El rey Jellyjam ladeó la cabeza y lanzó un rugido de disgusto. Yo me tapé la nariz al notar que se intensificaba el mal olor. Las serpientes seguían brotando de la piel del monstruo, rodaban por su cuerpo viscoso y caían con un chasquido al suelo.

La criatura agitó los brazos. Volvió a inclinarse e intentó coger a otros niños. Pero ellos se apretaban contra el suelo. El rey Jellyjam volvió a rugir, esta vez más débilmente. Sus ojos giraban como locos en su enorme cabeza.

El olor daba vueltas en torno a mí, me envolvía. El rey Jellyjam intentó coger una manguera, pero no pudo. Entonces metió de golpe la mano en un cubo e intentó frenéticamente echarse agua encima.

Yo lo contemplaba todo temblando. Mi plan estaba dando resultado. ¡Lo sabía! ¡Sabía que funcionaría!

El hedor era cada vez más fuerte. Casi se notaba en la boca, en la piel.

El monstruo agitó los brazos, luchando como un loco por mojarse. Sus rugidos se convirtieron en gemidos. Su cuerpo comenzó a temblar.

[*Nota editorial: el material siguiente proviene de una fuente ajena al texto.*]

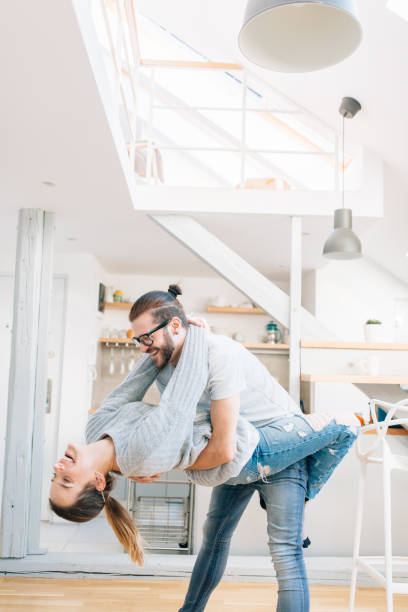 istock Couple having fun at home 1148417825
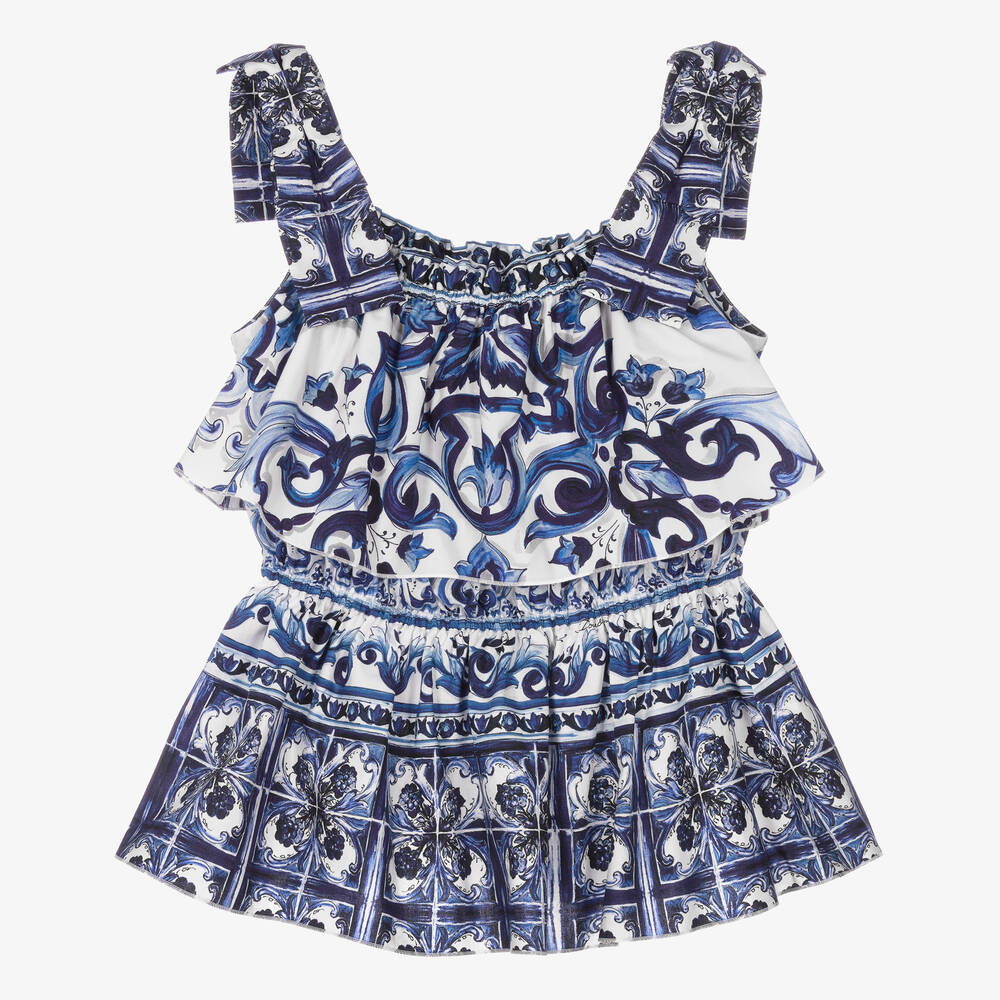 Dolce & Gabbana - بلوز قطن بطبعة ماجوليكا لون أبيض وأزرق | Childrensalon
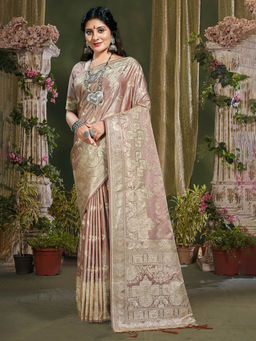 Sangam Prints - Mauve Paithani Silk Woven Work Traditional Tassle Saree with Unstitched Blouse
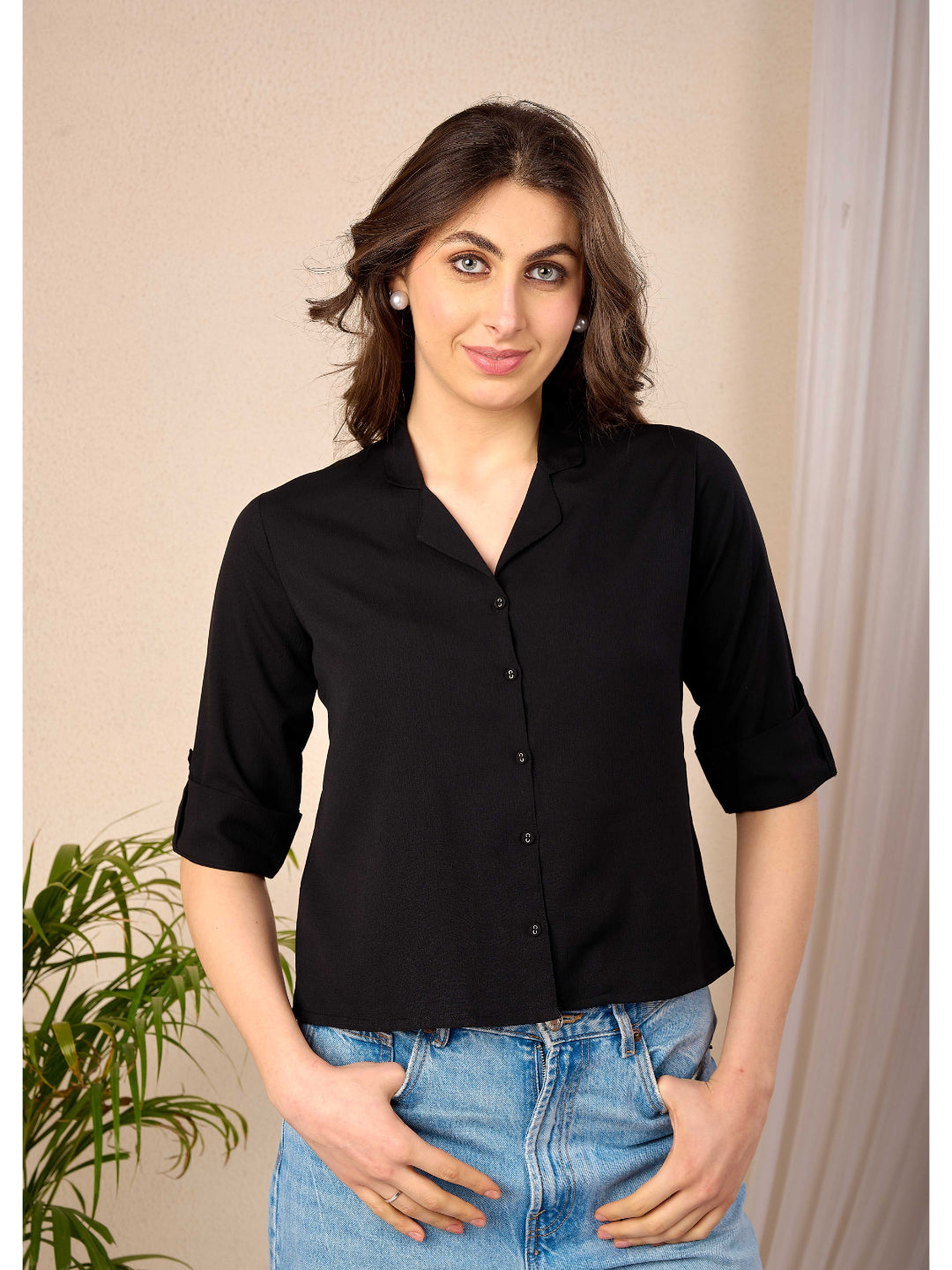 Black Straight Crop Top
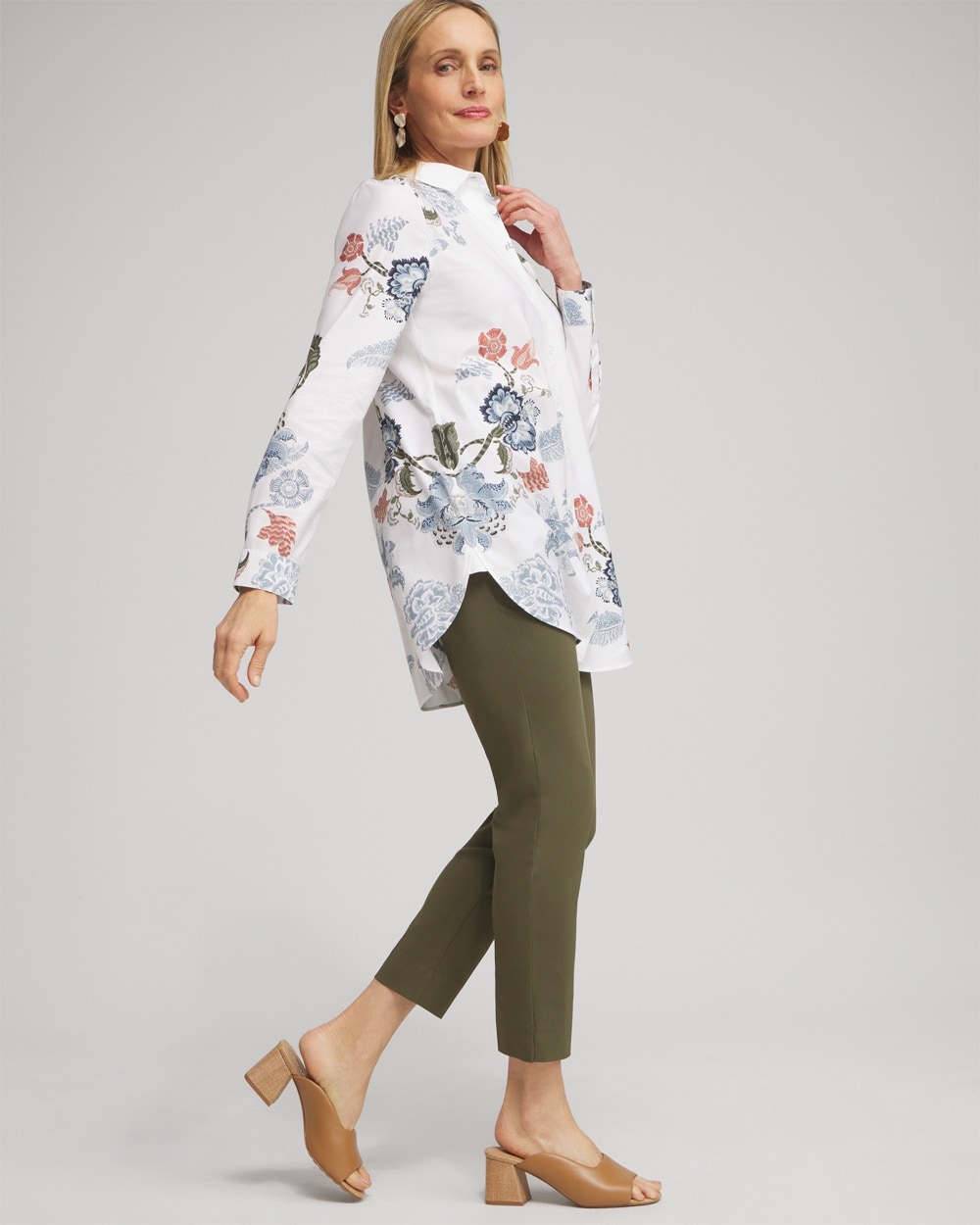 Chico's Tops | No Iron™ Stretch Floral 3/4 Sleeve Tunic Optic White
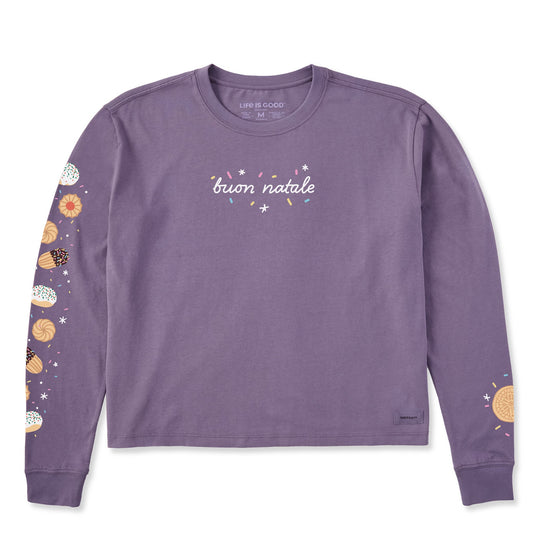 Women's Buon Natale Italian Christmas Cookies Long Sleeve Crusher Boxy Tee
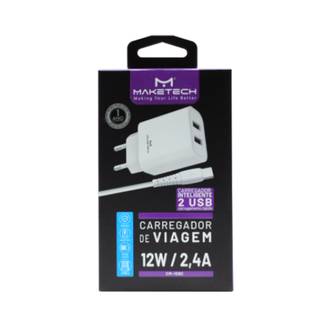KIT CARREGADOR TOMADA 2 USB C/CABO USB C - CM-109C 12W - BRANCO - UN - MAKETECH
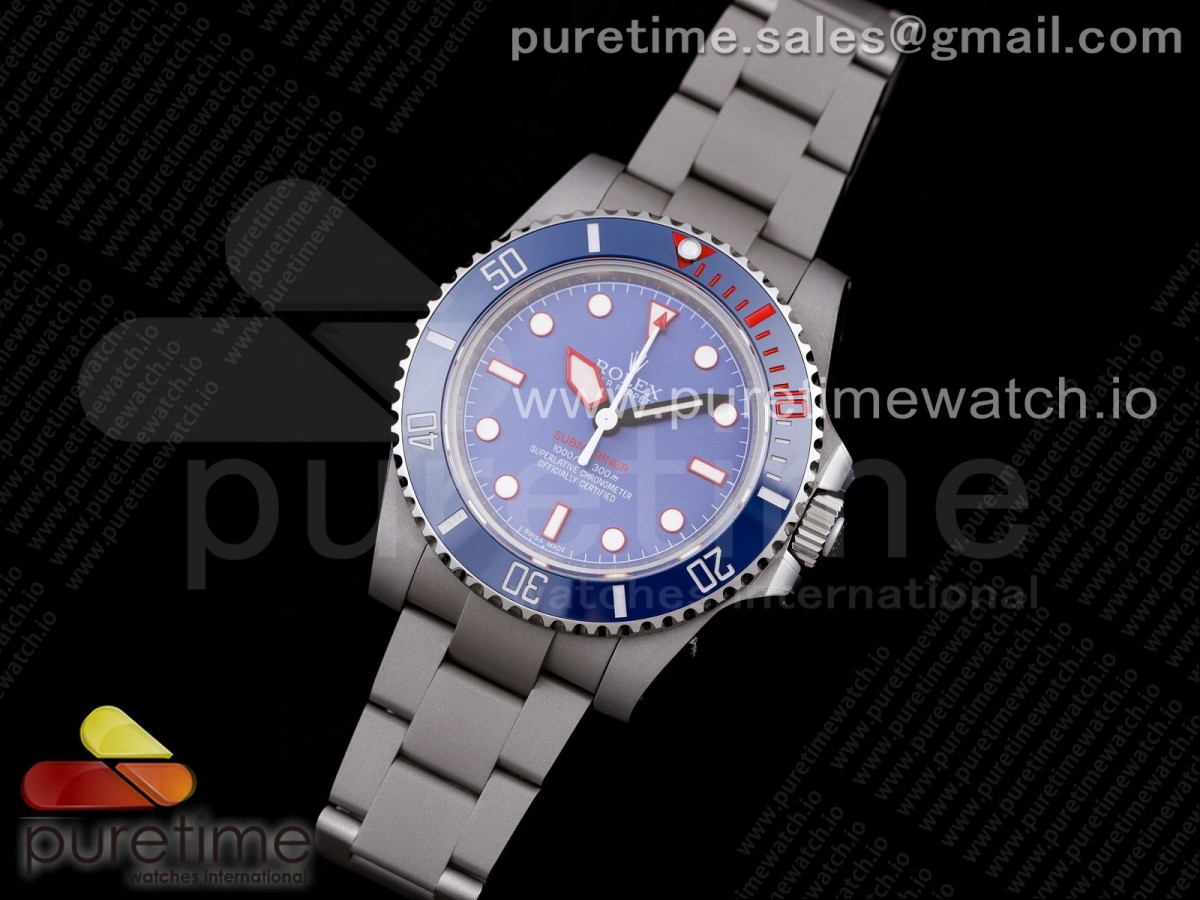 GM공장 롤렉스 서브마리너 40 블루 커스텀 3130 The Rough Matt Diver Sandblast SS GMF Best Edition Blue Dial on SS Bracelet SA3130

Entonces me miró con los ojos entornados. Levantó un hinchado dedo morado y me señaló. ¡Me estaba acusando!

Se inclinó hacia delante, tendió el brazo e hizo un barrido con su manaza. Yo estaba tan atónita que no podía ni moverme. Me estremecí. Su mano se deslizó sobre mí y antes de que yo pudiera debatirme, apretó sus viscosos y apestosos dedos en torno a mi cuerpo.